In 1976, Dr. Leslie King-Hammond was appointed Dean of Graduate Studies at Maryland Institute College of Art in Baltimore, Maryland where she administers 200 students in eleven degree programs. She maintains a constant teaching schedule in the Art History Department. In 2008, she retired to become Graduate Dean Emeritus and was appointed the Founding Director of the new Center for Race and Culture at the Maryland Institute College of Art. She received Mellon Grants for Faculty Research in 1988, 1989, and 2005. In 1985, she was honored with the Trustee Award for Excellence in Teaching. As a member of the “Girls of Baltimore,” she was awarded an NEA artist grant in 2001. In the spring of 2006, King-Hammond was appointed Chairperson of the Collections and Exhibits Committee at the Reginald F. Lewis Museum of Maryland African American History & Culture and in January 2007 became the Chairperson of the Board of the Lewis Museum. Additionally, she sits on the Board of the Creative Alliance for the Artists in Baltimore.

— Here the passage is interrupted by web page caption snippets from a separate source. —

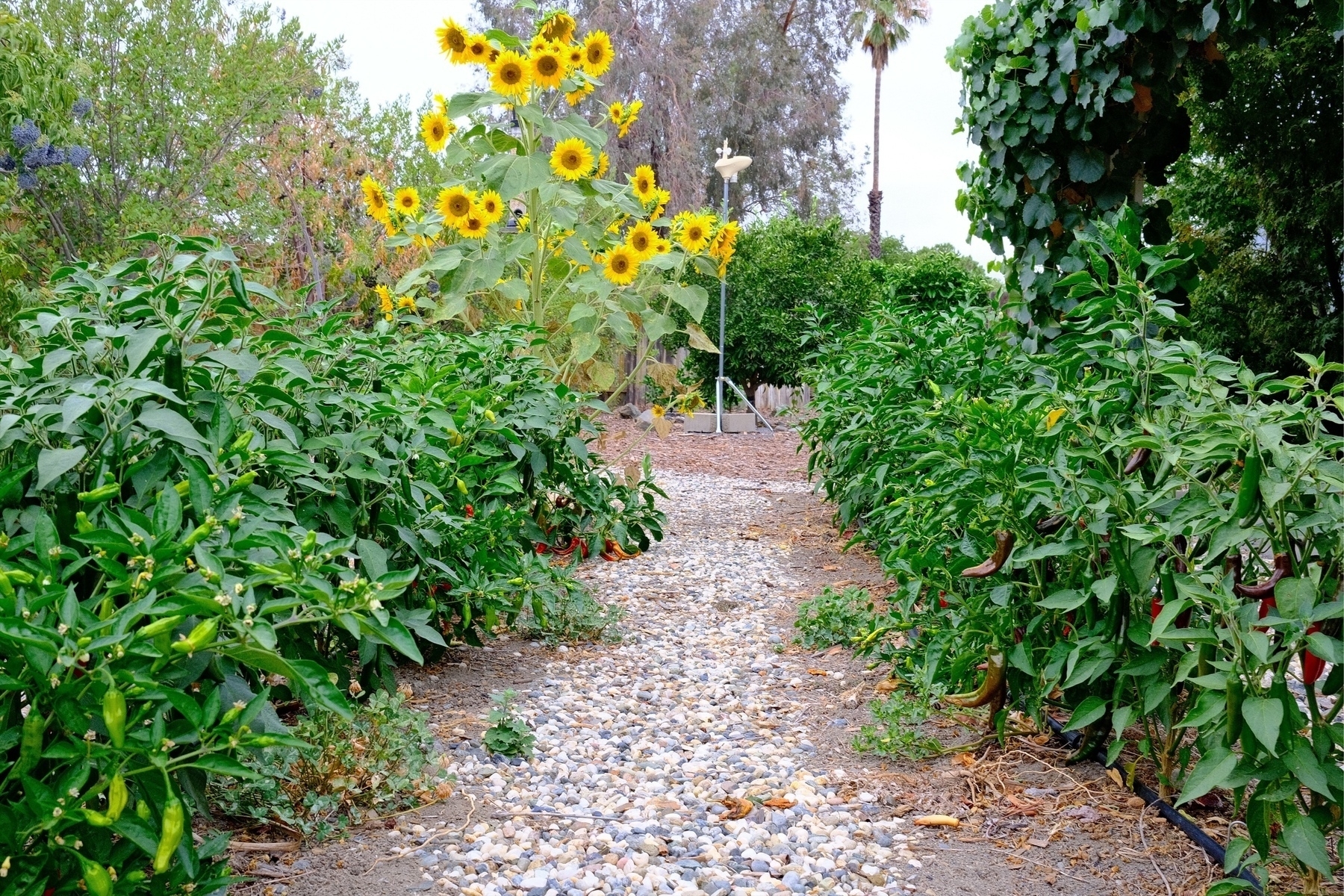 garden path with ripening peppers on both sides and a glorious sunflower at the end of the trail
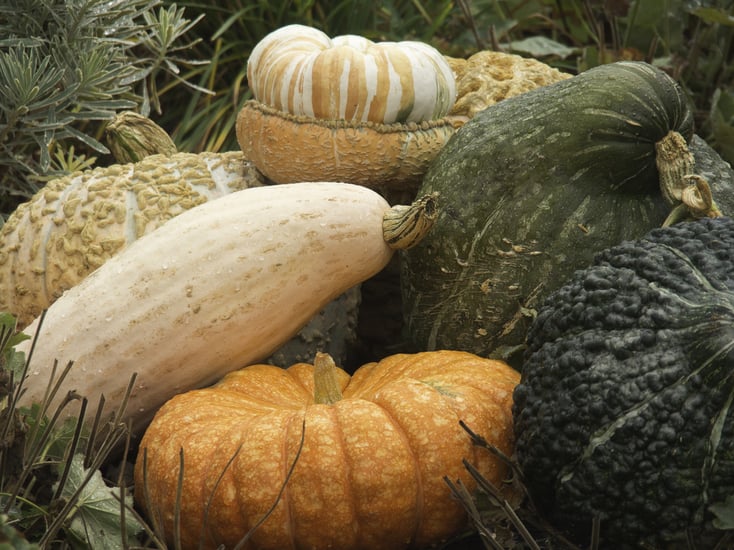 fall pumpkins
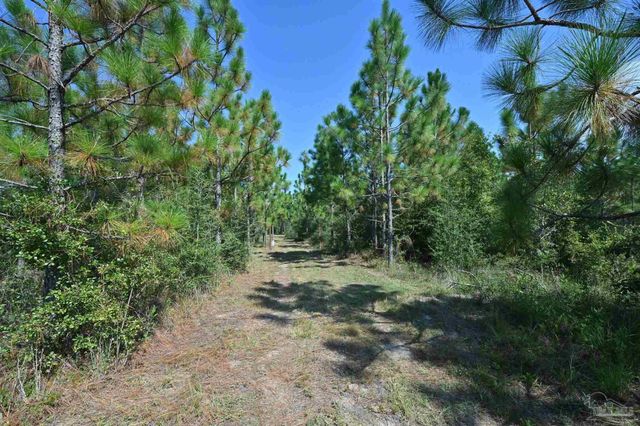 2597 Creek Chase Trl, Pace, FL 32571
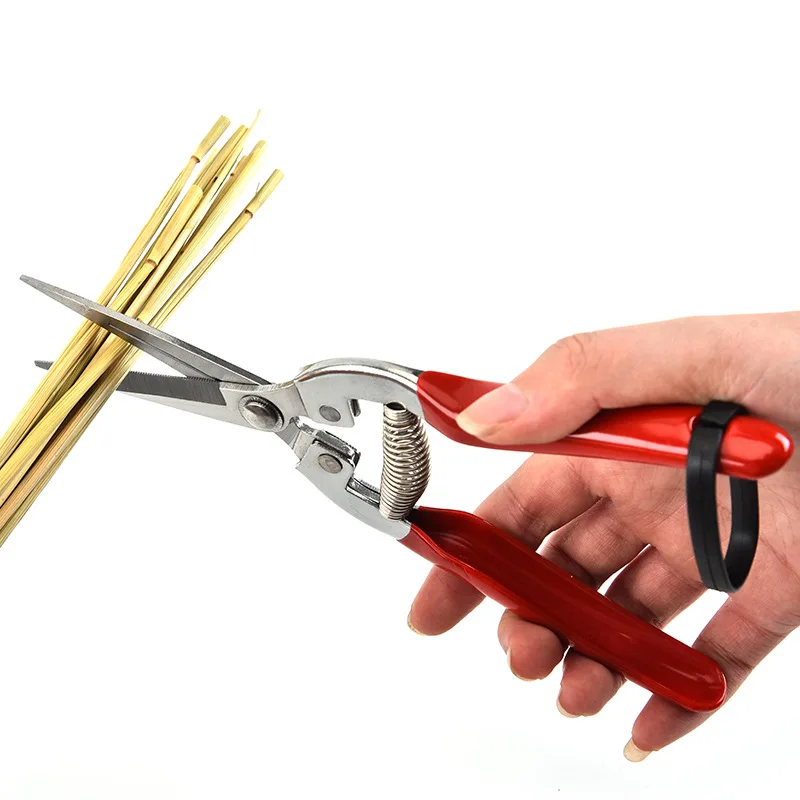 Stainless Steel Pruning Scisso - Gardening Tools For Women ulasan dan harga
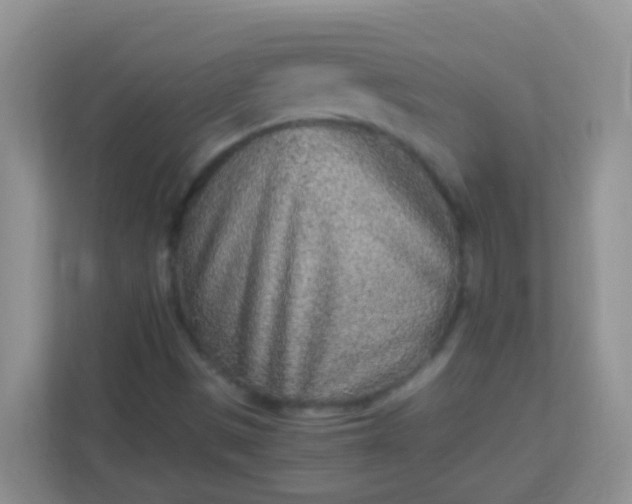 X0000113331497200909281217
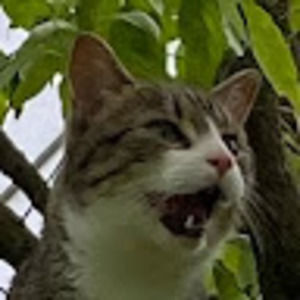 Meet your Posher, Sofia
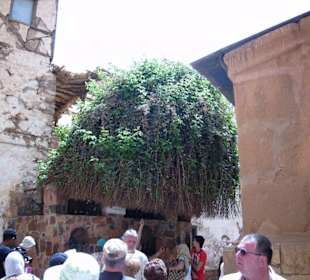 Brennender Dornbusch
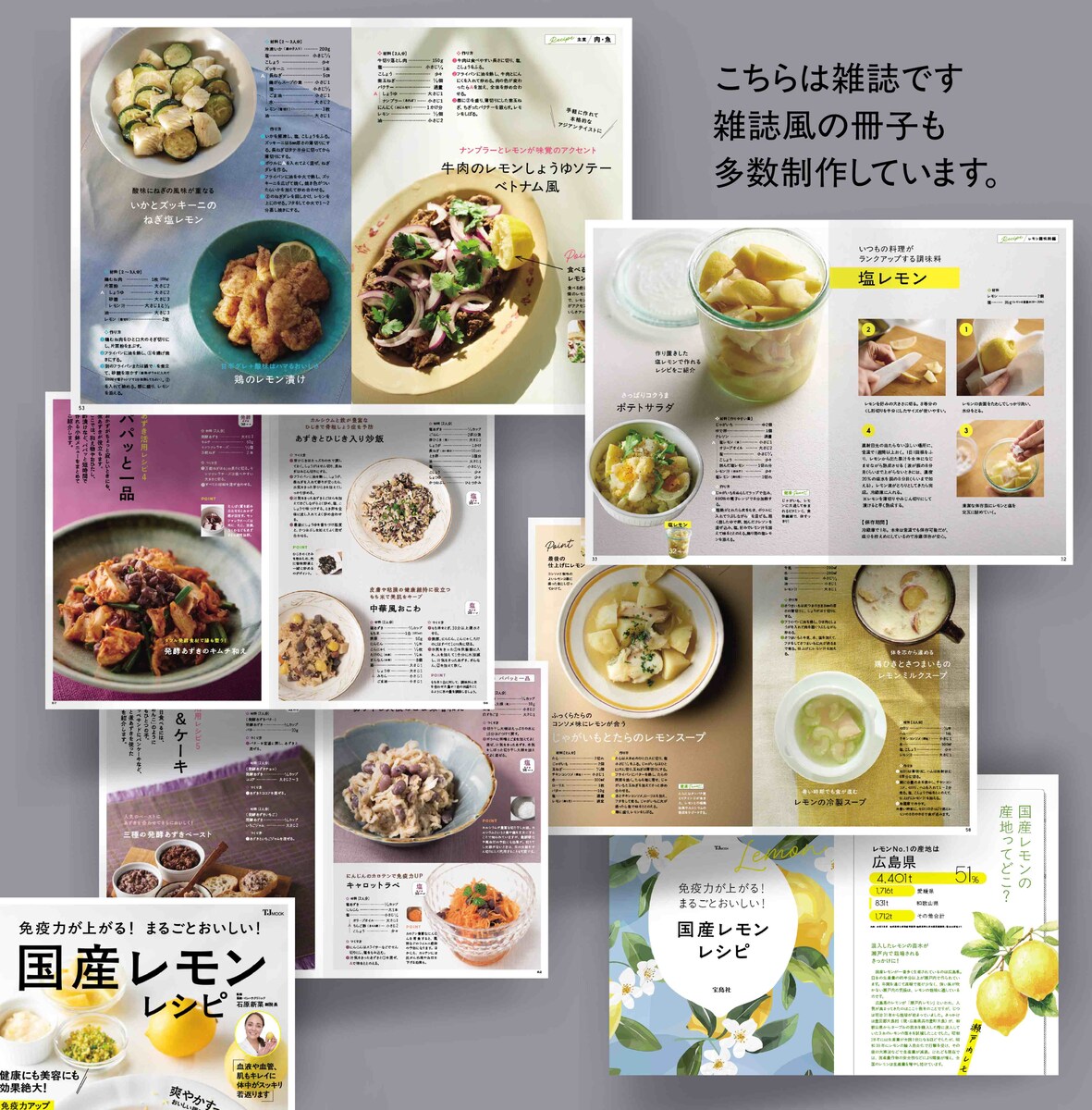 雑誌　企業の雑誌風の冊子も多数制作しています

Between 1985 and 1998, Dr. King-Hammond became the project director for Ford/Phillip Morris Fellowships for Artists of Color at MICA (including Yale School of Art, School of the Art Institute of Chicago, Cranbrook Academy of Art, and California Institute of the Arts). She sits on juries, boards, organizations, and art commissions including Executive Board, International Association of Art Critics (2000-2003); President, College Art Association (1996-2000); Board of Overseers, Baltimore School for the Arts (1996-1999); Vice-President, Jacob Lawrence Catalog Riasonne Project; Trustee, Baltimore Museum of Art (1981-1987); Center For Emerging Artists (2005-2007); Advisory Board, Edna Manley School for the Visual Arts, Kingston, Jamaica (1988-Present). Major publications include Gumbo Ya Ya; An Anthology of Contemporary African American Women Artists (Midmarch Arts Press, 1995); Three Generations of African American Women Sculptors: A Study in Paradox; Vice-President and essayist for the Jacob Lawrence Catalog Riasonné Project, Over the Line: The Art and Life of Jacob Lawrence (University of Washington Press, 2000).

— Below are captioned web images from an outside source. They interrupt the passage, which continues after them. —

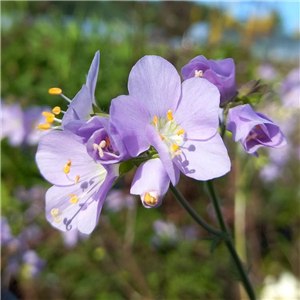 Polemonium Triffids Lilac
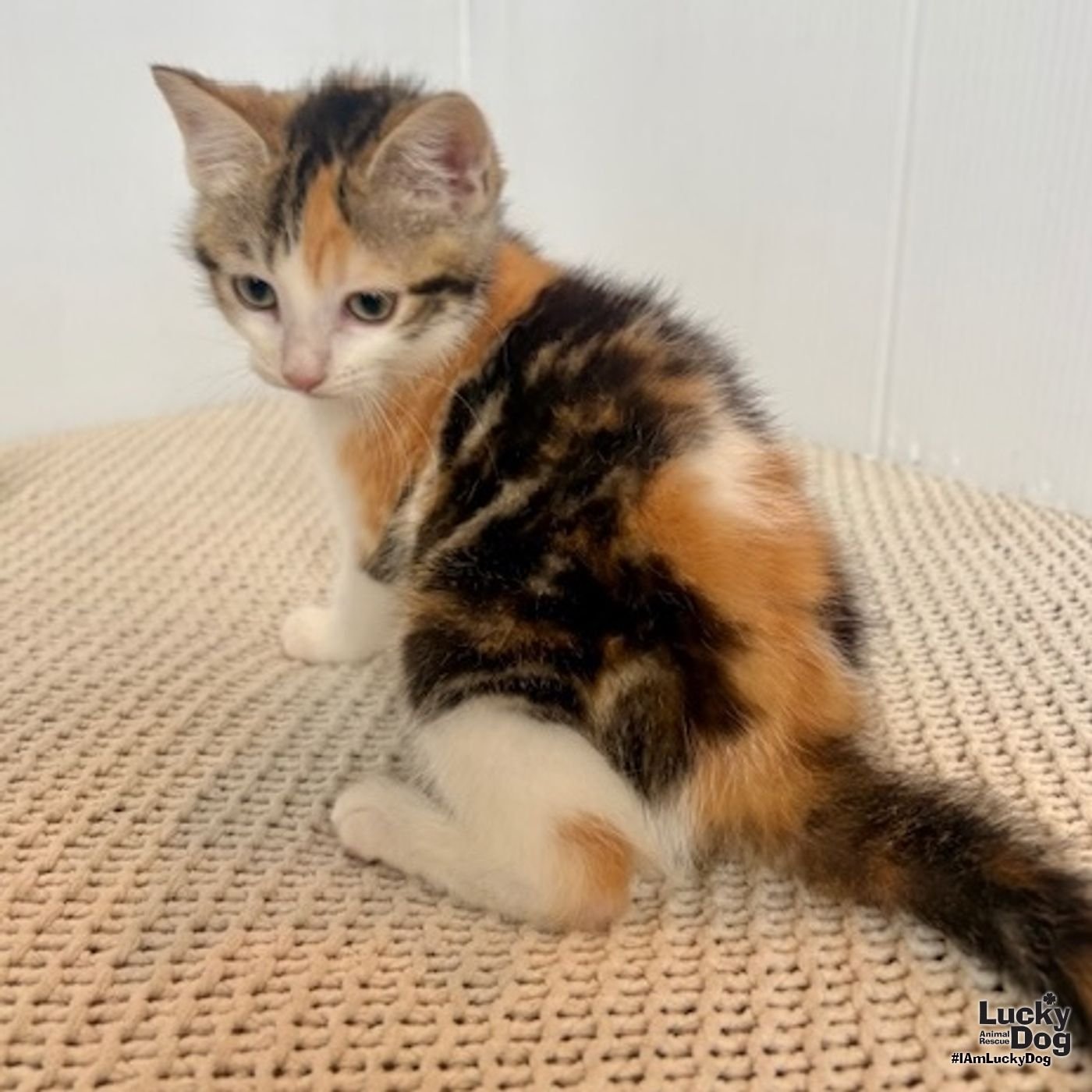 EFFIE - Domestic Short Hair available for adoption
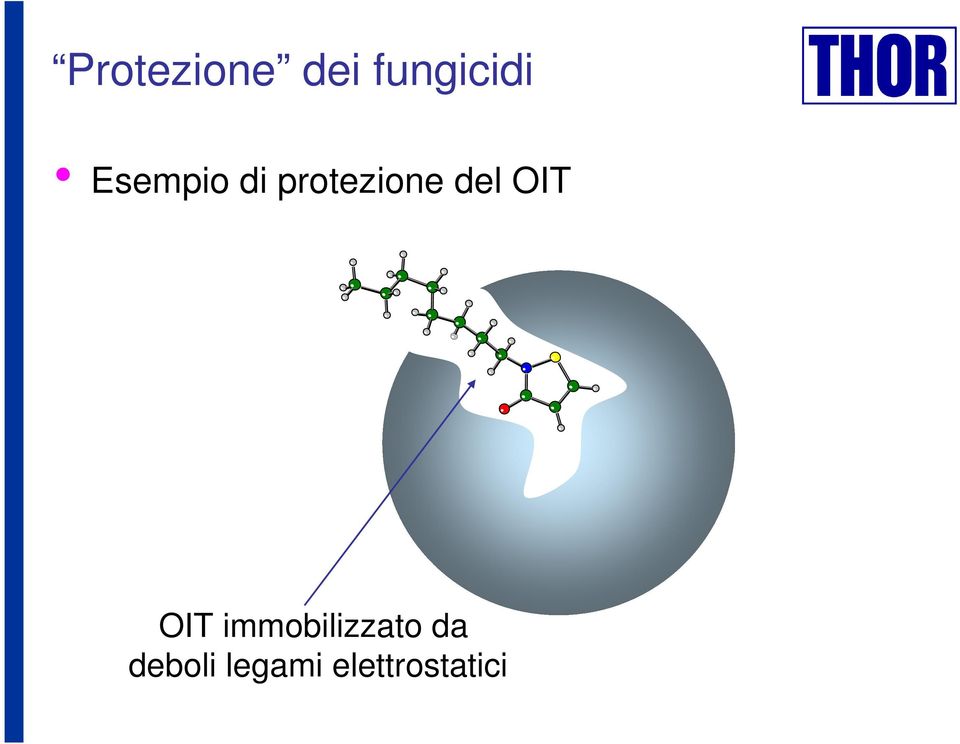 OIT OIT immobilizzato da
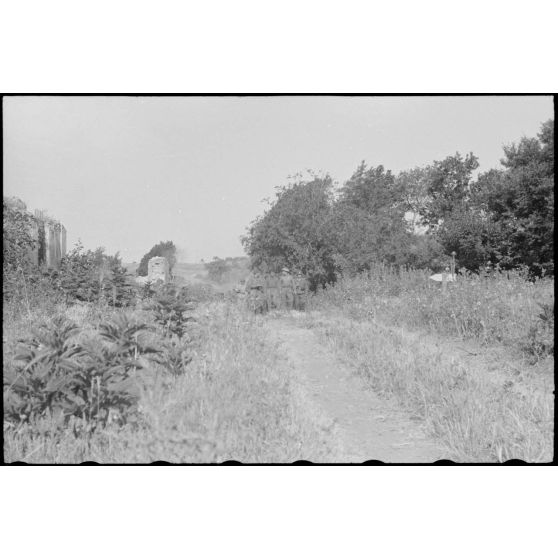 En Italie, sur le front d'Anzio-Nettuno (Latium), des soldats de la 5e division d'infanterie britannique (5th infantry division) capturés par des parachutistes de la 4e division aéroportée allemande (4.Fallschirmjäger-Division).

Dr. King-Hammond has garnered such prestigious awards as a Lifetime Achievement Award from the Studio Museum in Harlem, a Lifetime Achievement Award from the Women’s Art Caucus-College Art Association, and in 2010 the Alain Locke International Prize, among many others. She has curated numerous exhibitions including The Global Africa Project which explored the impact of African visual culture on contemporary art, craft and design around the world at the Museum of Arts and Design in New York City and most recently Ashe to Amen— African Americans and Biblical Imagery at the Museum of Biblical Art in New York City.